PPS undersampling

Tue Aug 23 23:13:04 UTC 2016

> Yeah, been looking at that.  Since ntpd is undersampling the PPS it can be
> either good, or real bad.  I'm tempted to get Eric to fix the bug first, but
> maybe I'll need to data so he sees the bug first. 

I don't know of any ntpd bug in this area.  Do you have a test case?  Or data 
from a buggy run?

There are/were glitches in some of the gpsd utilities.  I fixed one a long 
time ago and I think you fixed one recently.  But they are using a different 
mechanism.

Your mention of Nyquist on IRC a few days ago makes me think that you don't 
understand this area or more likely are just grabbing a word in a related 
area for a similar problem.

Nyquist refers to analog signals.  If your signal has a bandwidth of X Hz, 
you need 2*X samples per second in order to be able to reconstruct the signal.
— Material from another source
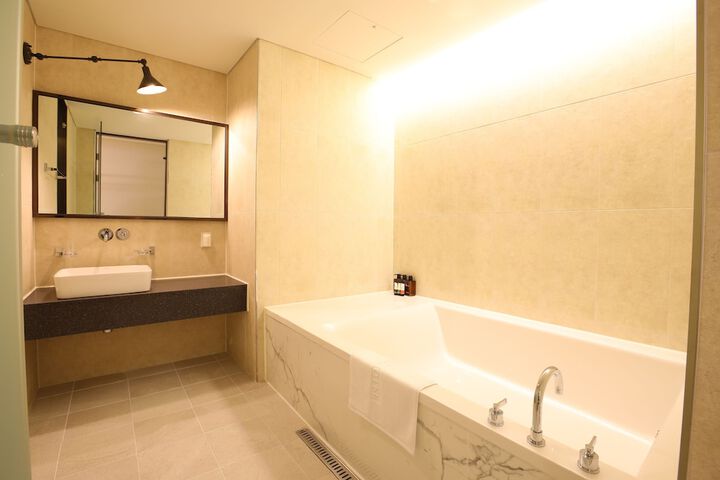 Room 44 of 84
The PPS is not analog.  We are not trying to reconstruct a signal.  We are 
trying to pass information across clock domains.  The equivalent of the 
Nyquist rule is that you have to grab the data before it gets updated with 
new data.  There is no factor of 2 in there.  Just "fast enough".

The gpsd code I fixed was doing something like:
  while true {
    if sampleready() then dosomething()
    sleep 1 second
  }
That is polling at slightly slower than 1 second.  If the PPS goes off every 
second, that approach will occasionally miss a sample.  But the occasional 
will be very small (unless your scheduler is very busy or your CPU is slow or 
your dosomething does a lot of work).  Unless you look carefully it will be 
hard to notice.  (But geeks do look carefully.)
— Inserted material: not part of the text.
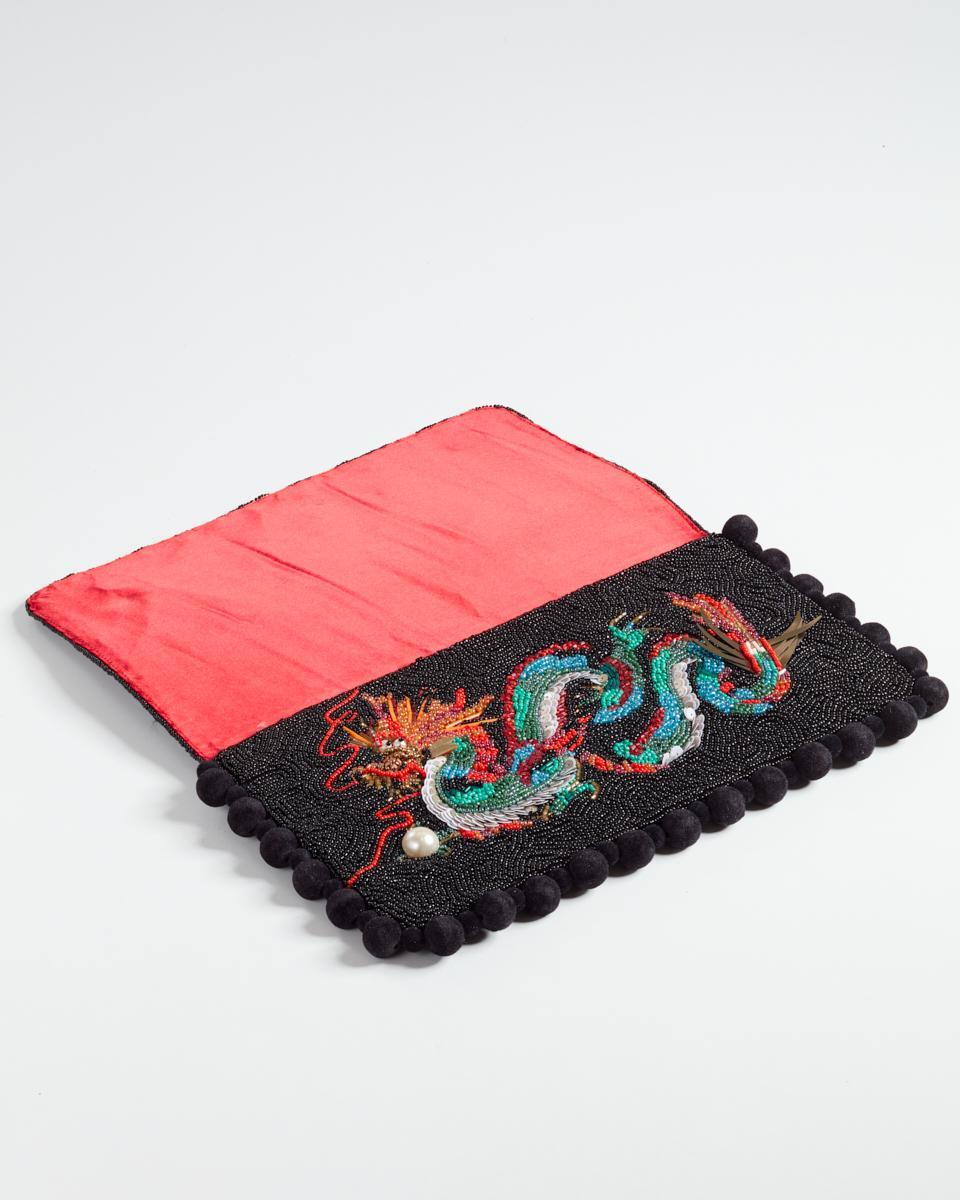 SOICOCO | Handbeaded Foldover Clutch - Dragon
The code in ntpd doesn't work that way.  It runs off a timer that signals and 
resets itself.  That signal goes off every second, the same rate as the PPS.

If you are polling at a fixed rate from an unsynchronized clock, the "fast 
enough" has to include the jitter on the data source and the jitter on the 
scheduling clock.  If the PPS signal has 1 ms peak-peak of jitter, you would 
have to poll every 999 ms.  If your scheduler adds 1 ms of jitter, you have 
to ask it to run you every 998 ms.

But the ntpd clock is not unsynchronized.  It's running at exactly 1 second 
per second in the long term.

ntpd doesn't do anything special about when it starts the timer.  So if you 
are unlucky and you start ntpd so that it is near a PPS pulse when it sets 
the timer, you might miss occasional samples.  It will be tough to reproduce 
but there should be evidence in clockstats.

If we decide to fix this, the fix is not to sample twice as fast, but to make 
sure the timer doesn't go off too close to the top of a second.  In the 
meantime, we should collect data on the PPS jitter and/or scheduler jitter so 
we can make an informed estimate of what "too close" will be.

Actually, any fix should wait for a bigger cleanup in this area.  We should 
get rid of the current every-second timer unless some refclock needs it.  
(battery power)  The PPS API has an optional wait/wakeup option.  We should 
use that if available.  The timer stuff also covers when to transmit a 
packet, but we should peek ahead and set the timeout on the select for as 
long as possible.  But all that should wait until after TESTFRAME so we can 
test it.

-- 
These are my opinions.  I hate spam.